Task instructions:
The records must be retyped exactly, with no pictures included.

(Captioned web images)
- Opening Delimiter -

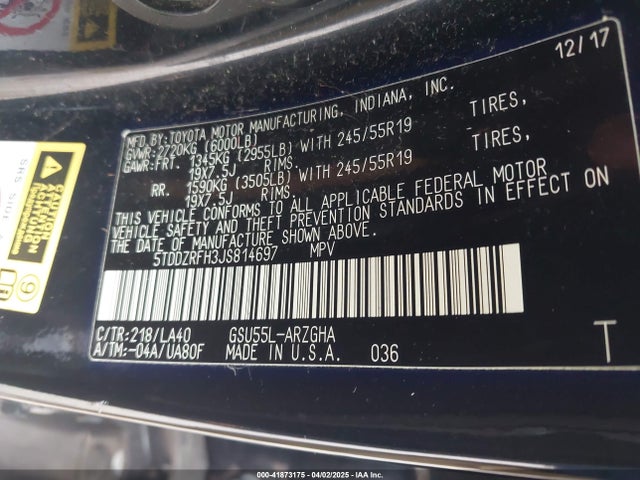 Toyota Highlander Limited Platinum 2018 5TDDZRFH3JS814697 Image 9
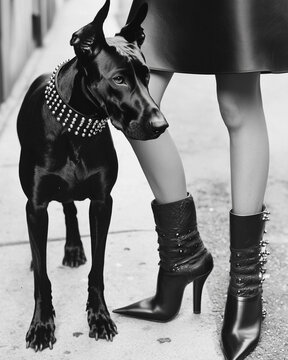 Eleganter Dobermann und High-Fashion-Looks: Schwarz-Wei&szlig;-&Auml;sthetik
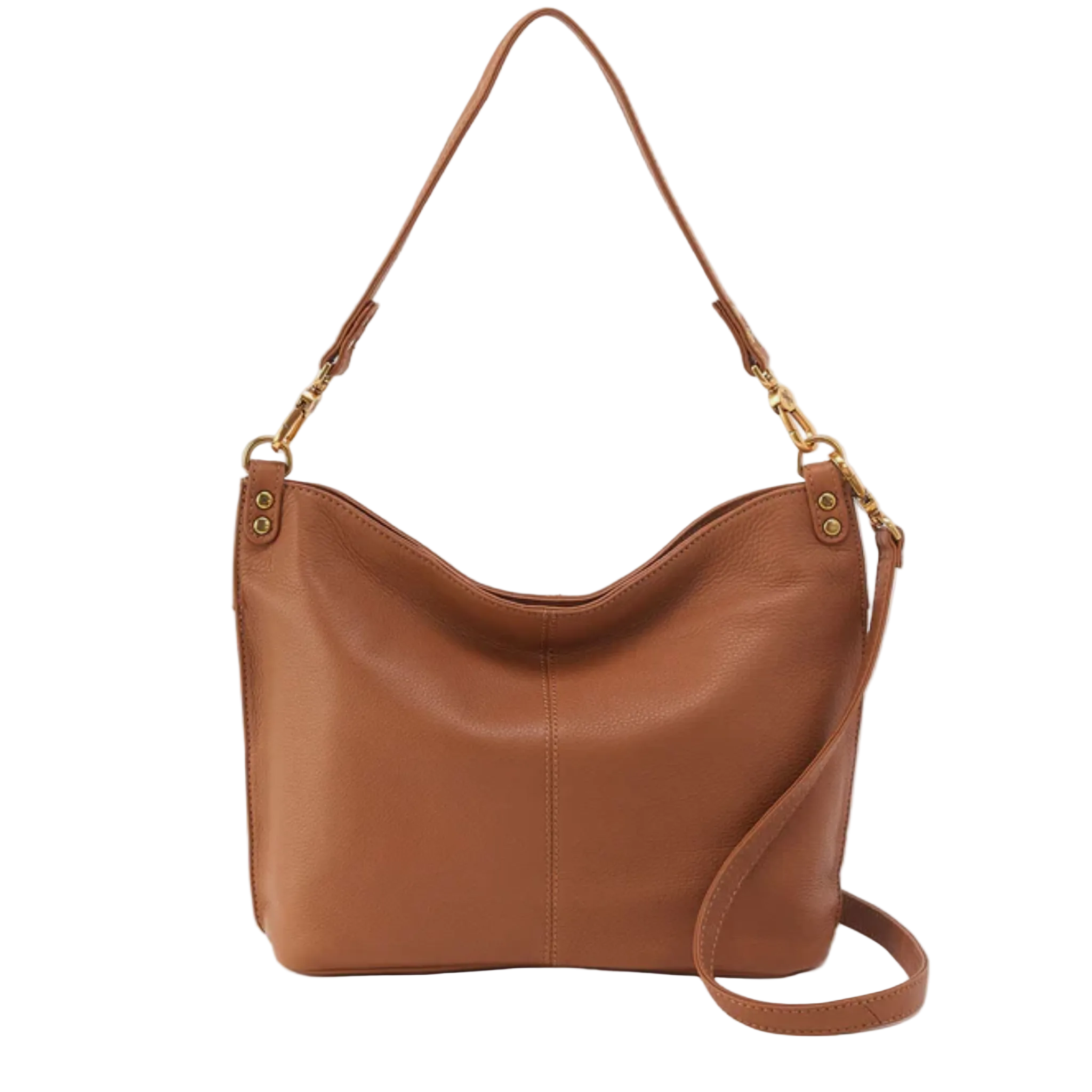 Warm honey pebbled leather Pier shoulder bag by HOBO, featuring a sleek design and spacious main compartment.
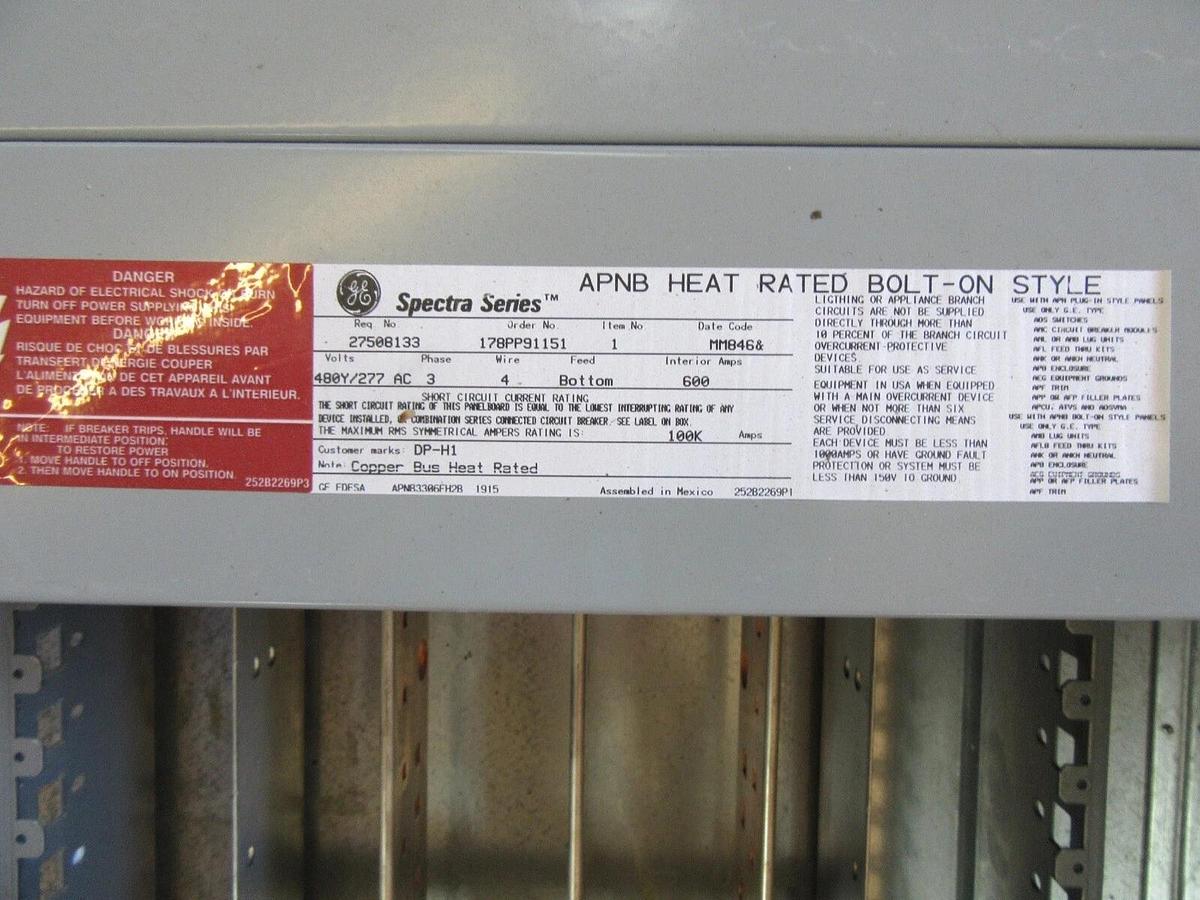 Used GE 600 AMP PANELBOARD SPECTRA SERIES APNB 480/277 VOLT MLO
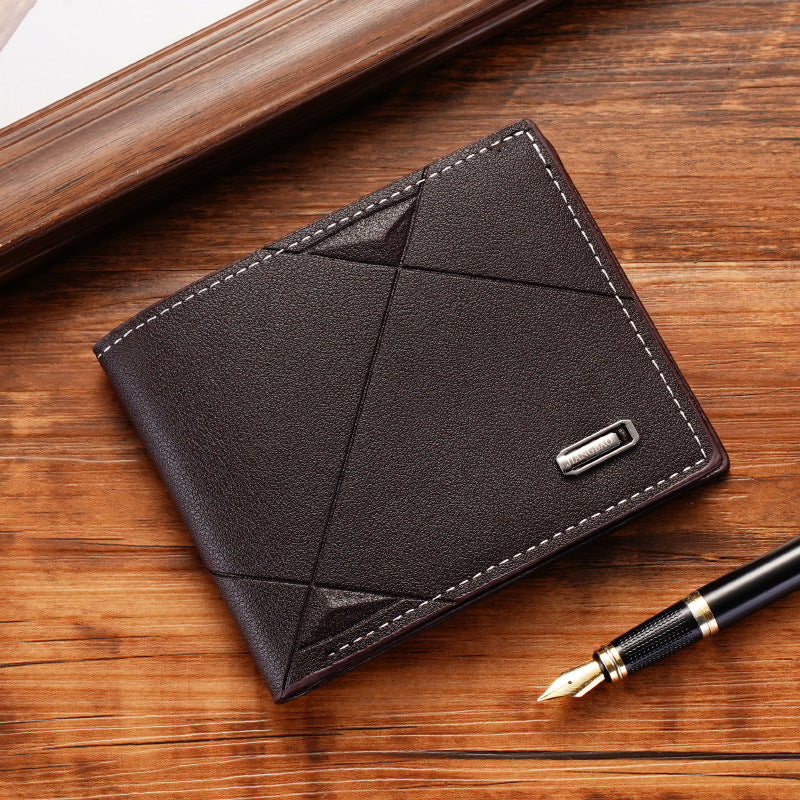 Stylish Men's Slim Wallet with Multi-Card Slots, Lightweight PU Leather Design for Daily Use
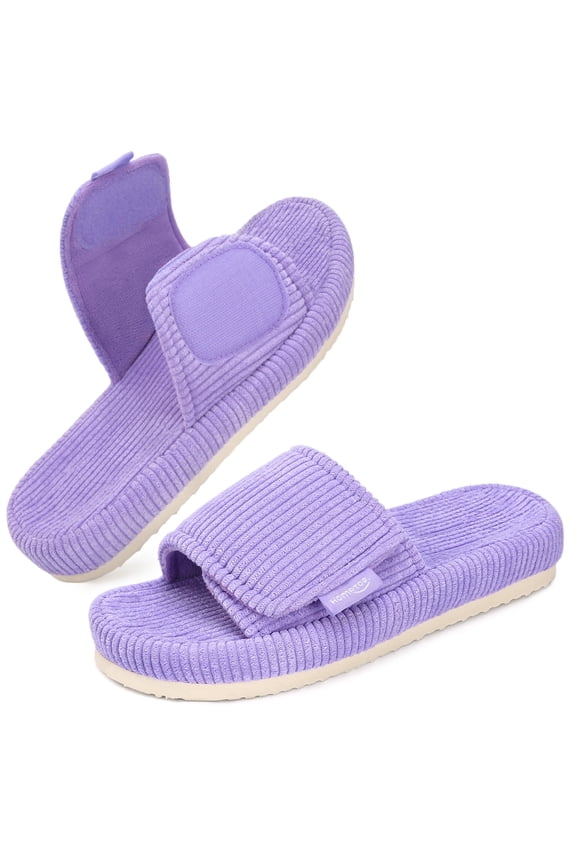 HomeTop Women's Corduroy Open-toe Slippers with Adjustable Closure Soft Purple,5-6 US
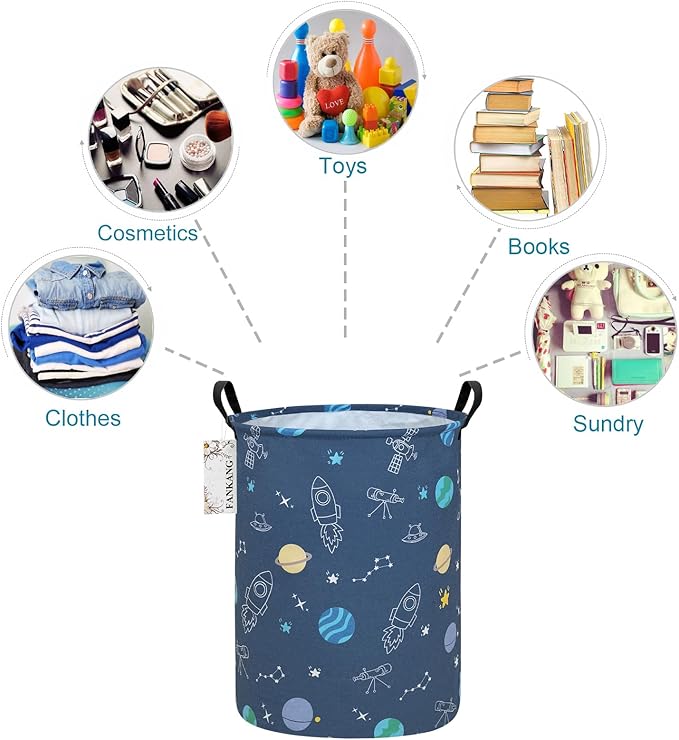 FANKANG Storage Basket, Nursery Hamper Canvas Laundry Basket Foldable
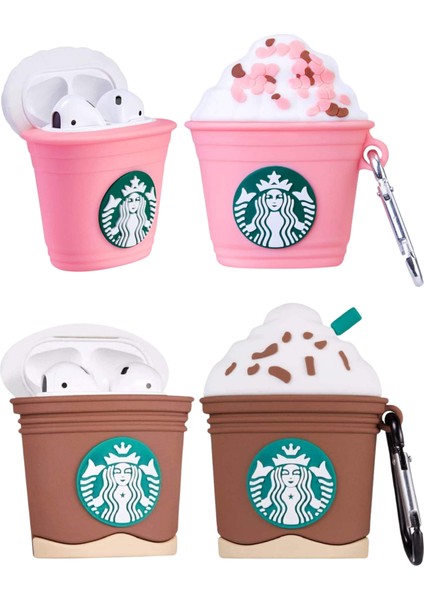 2'li Set - 1. ve 2. Nesil Pembe ve Kahverengi Starbucks Uyumlu Ikili Kulaklık Kılıfı Seti fiyatları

- Closing Delimiter -

Expected answer:
 Toyota Highlander Limited Platinum 2018 5TDDZRFH3JS814697 Image 9
 Eleganter Dobermann und High-Fashion-Looks: Schwarz-Wei&szlig;-&Auml;sthetik
 Warm honey pebbled leather Pier shoulder bag by HOBO, featuring a sleek design and spacious main compartment.
 Used GE 600 AMP PANELBOARD SPECTRA SERIES APNB 480/277 VOLT MLO
 Stylish Men's Slim Wallet with Multi-Card Slots, Lightweight PU Leather Design for Daily Use
 HomeTop Women's Corduroy Open-toe Slippers with Adjustable Closure Soft Purple,5-6 US
 FANKANG Storage Basket, Nursery Hamper Canvas Laundry Basket Foldable
 2'li Set - 1. ve 2. Nesil Pembe ve Kahverengi Starbucks Uyumlu Ikili Kulaklık Kılıfı Seti fiyatları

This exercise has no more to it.